In welchem Jahr leben wir eigentlich?
von Andreas Birken
Seit Heribert Illig das Mittelalter um 297 Jahre gekürzt hat, wurde immer wieder scherzhaft die Frage gestellt, ob wir denn statt im Jahre 2004 im Jahre 1707 leben. Aber die Frage hat für jeden, der sich mit Chronologie beschäftigt, einen ernsthaften Aspekt; denn es ist der Tat jetzt schon schwierig auszurechnen, wieviel Zeit z.B. zwischen dem 1. September 1581 und dem 1. September 1583 (nach gregorianischem Kalender) verstrichen ist.

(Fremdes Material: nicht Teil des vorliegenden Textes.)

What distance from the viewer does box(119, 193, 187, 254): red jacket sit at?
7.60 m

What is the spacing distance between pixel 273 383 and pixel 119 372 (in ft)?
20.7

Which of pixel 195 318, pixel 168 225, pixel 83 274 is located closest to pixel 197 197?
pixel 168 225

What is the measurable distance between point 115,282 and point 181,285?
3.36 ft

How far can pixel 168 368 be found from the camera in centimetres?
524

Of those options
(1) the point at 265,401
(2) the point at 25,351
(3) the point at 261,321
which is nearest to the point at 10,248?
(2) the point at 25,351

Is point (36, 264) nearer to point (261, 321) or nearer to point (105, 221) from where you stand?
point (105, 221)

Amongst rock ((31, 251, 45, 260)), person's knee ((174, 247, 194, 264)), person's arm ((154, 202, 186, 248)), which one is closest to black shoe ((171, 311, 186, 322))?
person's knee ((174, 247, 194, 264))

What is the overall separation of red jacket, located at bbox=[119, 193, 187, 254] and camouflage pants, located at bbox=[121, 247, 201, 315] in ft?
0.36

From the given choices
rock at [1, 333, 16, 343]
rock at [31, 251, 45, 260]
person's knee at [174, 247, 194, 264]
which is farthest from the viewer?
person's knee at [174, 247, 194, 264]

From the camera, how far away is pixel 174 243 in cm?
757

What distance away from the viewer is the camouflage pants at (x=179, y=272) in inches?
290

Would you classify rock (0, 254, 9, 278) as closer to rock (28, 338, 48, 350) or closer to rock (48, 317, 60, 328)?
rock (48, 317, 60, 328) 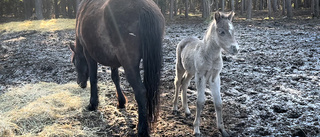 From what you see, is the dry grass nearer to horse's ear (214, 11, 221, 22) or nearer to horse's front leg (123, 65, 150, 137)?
horse's front leg (123, 65, 150, 137)

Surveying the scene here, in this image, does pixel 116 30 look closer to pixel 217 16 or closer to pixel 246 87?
pixel 217 16

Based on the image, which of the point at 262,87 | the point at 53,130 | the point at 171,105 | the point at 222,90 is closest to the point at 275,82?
the point at 262,87

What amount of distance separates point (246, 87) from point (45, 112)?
13.0 feet

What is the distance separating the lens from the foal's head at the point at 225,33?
134 inches

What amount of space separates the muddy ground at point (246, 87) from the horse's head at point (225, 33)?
18.1 inches

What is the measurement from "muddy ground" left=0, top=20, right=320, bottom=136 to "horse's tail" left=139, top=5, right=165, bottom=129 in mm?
529

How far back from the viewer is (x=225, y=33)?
3.47 meters

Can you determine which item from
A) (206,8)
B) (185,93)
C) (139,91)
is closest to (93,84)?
(139,91)

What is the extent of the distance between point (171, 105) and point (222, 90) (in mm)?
1258

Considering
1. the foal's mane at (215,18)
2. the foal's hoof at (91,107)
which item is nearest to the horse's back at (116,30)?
the foal's mane at (215,18)

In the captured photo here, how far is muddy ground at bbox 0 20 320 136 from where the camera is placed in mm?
3984

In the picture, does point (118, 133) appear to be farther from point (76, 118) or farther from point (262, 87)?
point (262, 87)

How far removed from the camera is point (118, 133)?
13.1 ft

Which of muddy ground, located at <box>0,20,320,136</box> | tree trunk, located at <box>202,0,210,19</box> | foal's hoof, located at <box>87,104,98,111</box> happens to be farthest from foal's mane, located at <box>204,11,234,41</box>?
tree trunk, located at <box>202,0,210,19</box> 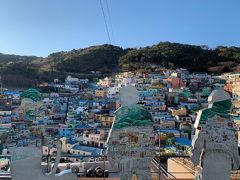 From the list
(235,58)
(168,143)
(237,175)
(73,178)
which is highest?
(235,58)

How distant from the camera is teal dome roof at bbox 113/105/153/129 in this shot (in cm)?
446

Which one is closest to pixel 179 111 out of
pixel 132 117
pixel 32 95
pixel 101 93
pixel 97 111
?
pixel 97 111

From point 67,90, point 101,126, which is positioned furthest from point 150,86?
point 101,126

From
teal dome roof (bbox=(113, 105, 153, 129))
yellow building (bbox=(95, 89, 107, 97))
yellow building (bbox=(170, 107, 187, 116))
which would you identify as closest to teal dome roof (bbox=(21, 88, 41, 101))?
teal dome roof (bbox=(113, 105, 153, 129))

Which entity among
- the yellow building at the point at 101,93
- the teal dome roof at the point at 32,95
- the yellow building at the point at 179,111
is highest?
the teal dome roof at the point at 32,95

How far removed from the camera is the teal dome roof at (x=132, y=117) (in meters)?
4.46

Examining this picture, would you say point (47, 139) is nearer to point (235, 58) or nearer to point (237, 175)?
point (237, 175)

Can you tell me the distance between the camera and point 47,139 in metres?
4.49

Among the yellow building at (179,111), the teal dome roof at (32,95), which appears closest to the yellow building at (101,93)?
the yellow building at (179,111)

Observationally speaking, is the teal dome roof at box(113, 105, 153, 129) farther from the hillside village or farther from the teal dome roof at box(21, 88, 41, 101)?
the teal dome roof at box(21, 88, 41, 101)

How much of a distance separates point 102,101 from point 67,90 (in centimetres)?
1302

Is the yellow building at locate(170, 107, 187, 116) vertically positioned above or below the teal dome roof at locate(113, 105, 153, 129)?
below

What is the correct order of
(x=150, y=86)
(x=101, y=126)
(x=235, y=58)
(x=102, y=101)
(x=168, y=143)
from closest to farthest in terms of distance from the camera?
(x=168, y=143) → (x=101, y=126) → (x=102, y=101) → (x=150, y=86) → (x=235, y=58)

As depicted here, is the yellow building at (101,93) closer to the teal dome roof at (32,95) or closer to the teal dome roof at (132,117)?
the teal dome roof at (32,95) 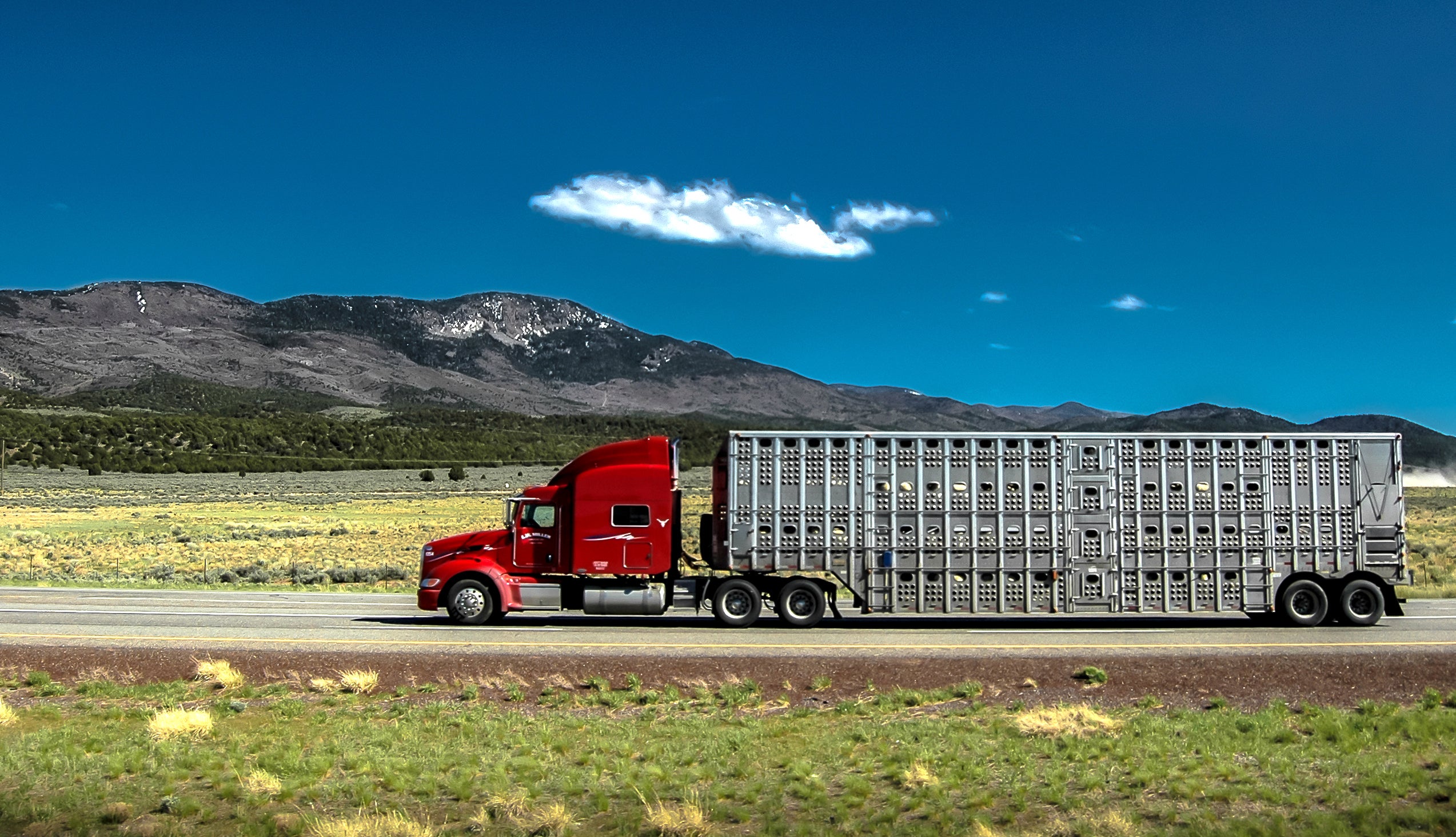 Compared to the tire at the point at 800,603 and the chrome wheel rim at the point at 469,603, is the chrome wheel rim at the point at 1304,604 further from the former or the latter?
the chrome wheel rim at the point at 469,603

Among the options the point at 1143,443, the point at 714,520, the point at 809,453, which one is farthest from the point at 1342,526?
the point at 714,520

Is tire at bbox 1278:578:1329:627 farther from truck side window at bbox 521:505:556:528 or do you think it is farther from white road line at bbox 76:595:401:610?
white road line at bbox 76:595:401:610

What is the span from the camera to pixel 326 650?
57.7ft

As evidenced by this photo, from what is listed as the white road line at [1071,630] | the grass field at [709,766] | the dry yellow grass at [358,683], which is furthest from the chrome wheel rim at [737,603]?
the dry yellow grass at [358,683]

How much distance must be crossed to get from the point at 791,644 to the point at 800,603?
8.02 ft

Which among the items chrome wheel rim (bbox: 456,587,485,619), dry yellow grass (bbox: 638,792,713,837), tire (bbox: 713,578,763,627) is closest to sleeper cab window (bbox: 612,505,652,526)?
tire (bbox: 713,578,763,627)

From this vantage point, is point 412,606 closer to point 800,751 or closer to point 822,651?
point 822,651

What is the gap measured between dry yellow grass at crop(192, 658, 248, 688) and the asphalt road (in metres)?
1.93

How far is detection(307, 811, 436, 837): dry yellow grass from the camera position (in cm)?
909

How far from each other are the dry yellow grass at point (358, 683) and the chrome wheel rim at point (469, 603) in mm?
5836

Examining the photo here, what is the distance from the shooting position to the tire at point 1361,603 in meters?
20.1

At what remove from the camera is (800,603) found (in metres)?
20.8

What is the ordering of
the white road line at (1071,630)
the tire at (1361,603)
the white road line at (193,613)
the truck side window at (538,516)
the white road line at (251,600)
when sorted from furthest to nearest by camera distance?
the white road line at (251,600) < the white road line at (193,613) < the truck side window at (538,516) < the white road line at (1071,630) < the tire at (1361,603)

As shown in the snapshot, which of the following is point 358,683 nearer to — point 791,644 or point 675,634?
point 675,634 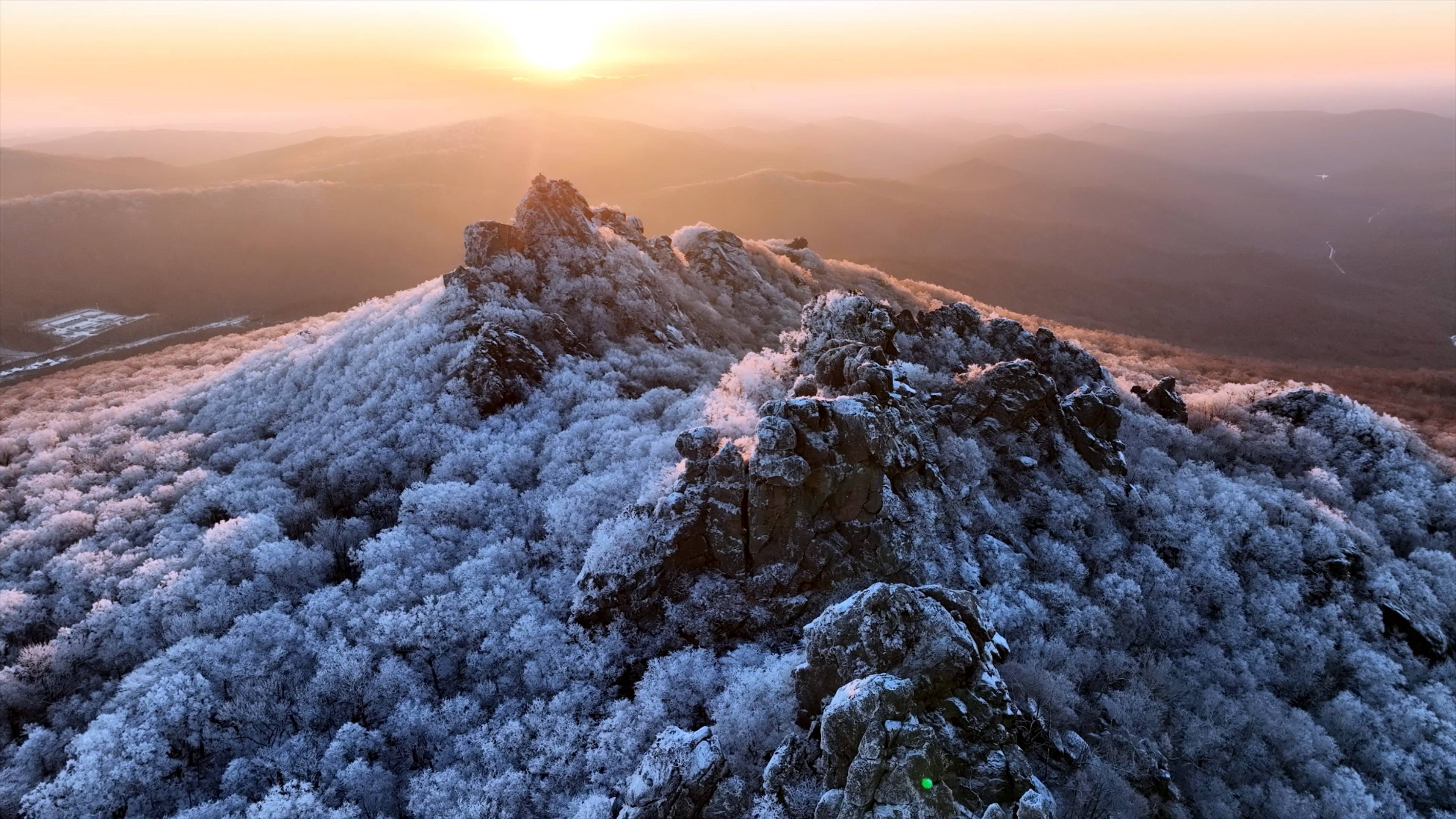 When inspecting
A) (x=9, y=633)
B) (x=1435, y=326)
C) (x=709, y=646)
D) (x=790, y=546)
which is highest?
(x=790, y=546)

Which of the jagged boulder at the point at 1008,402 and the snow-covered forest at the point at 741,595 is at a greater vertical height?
the jagged boulder at the point at 1008,402

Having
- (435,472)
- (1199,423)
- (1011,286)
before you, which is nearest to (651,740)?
(435,472)

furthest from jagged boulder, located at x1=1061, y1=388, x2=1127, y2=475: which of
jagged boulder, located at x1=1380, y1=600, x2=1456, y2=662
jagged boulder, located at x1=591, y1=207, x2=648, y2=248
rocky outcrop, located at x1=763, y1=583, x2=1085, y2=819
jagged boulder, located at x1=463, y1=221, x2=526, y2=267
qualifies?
jagged boulder, located at x1=591, y1=207, x2=648, y2=248

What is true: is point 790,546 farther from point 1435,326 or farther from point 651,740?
point 1435,326

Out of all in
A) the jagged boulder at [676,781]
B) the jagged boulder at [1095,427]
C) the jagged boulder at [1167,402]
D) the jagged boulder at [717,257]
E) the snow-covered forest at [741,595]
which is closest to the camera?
the jagged boulder at [676,781]

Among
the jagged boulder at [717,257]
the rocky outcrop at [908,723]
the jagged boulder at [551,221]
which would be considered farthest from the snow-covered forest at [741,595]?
the jagged boulder at [717,257]

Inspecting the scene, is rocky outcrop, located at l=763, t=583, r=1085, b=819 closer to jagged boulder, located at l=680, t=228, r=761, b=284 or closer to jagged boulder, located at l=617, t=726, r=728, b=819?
jagged boulder, located at l=617, t=726, r=728, b=819

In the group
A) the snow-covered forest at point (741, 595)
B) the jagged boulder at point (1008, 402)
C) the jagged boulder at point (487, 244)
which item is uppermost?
the jagged boulder at point (487, 244)

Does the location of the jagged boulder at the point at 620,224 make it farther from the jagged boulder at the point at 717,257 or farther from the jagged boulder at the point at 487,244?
the jagged boulder at the point at 487,244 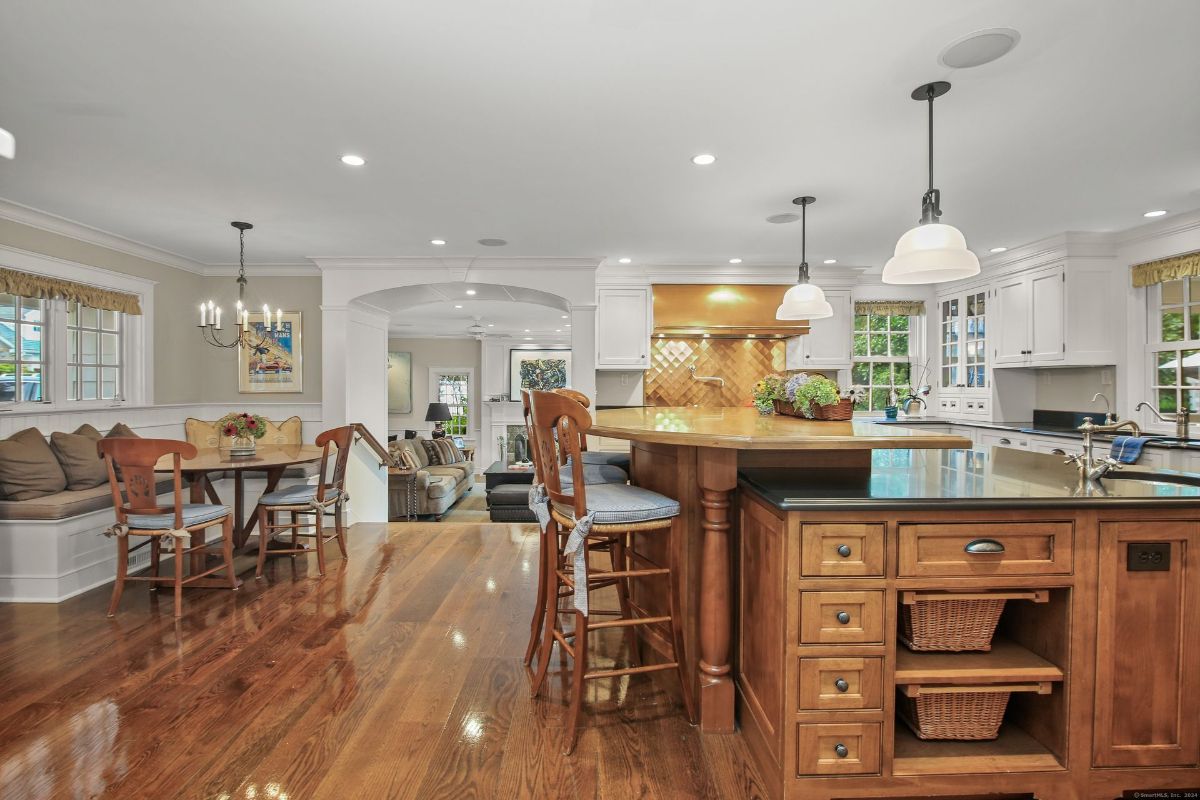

Zwei volle (gregorianische) Jahre waren es jedenfalls nicht, weil zwischen dem 4. und 15. Oktober 1582 keine Zeit stattgefunden hat. Genauso schwierig ist es offenbar für die Bürgermeister von Städten, die in der Römerzeit gegründet worden sind, nachzurechnen, wie alt ihre Stadt ist. Hier liegt die Schwierigkeit darin, dass es in Rechnung nach Ären niemals ein Jahr Null gibt, sondern nur einen Zeitpunkt Null. Zwischen dem 1. Januar -1 und dem 1. Januar +1 lag nur ein Jahr nicht zwei. Die Astronomen haben das Problem so gelöst, dass sie das Jahr 1 v. Christus zum Jahr astronomisch Null gemacht haben. Damit sind aber die negativen Jahre immer noch im Spiel und von 60 v. Chr. bis 60 n. Chr. waren es nicht 100 sondern 120 Jahre.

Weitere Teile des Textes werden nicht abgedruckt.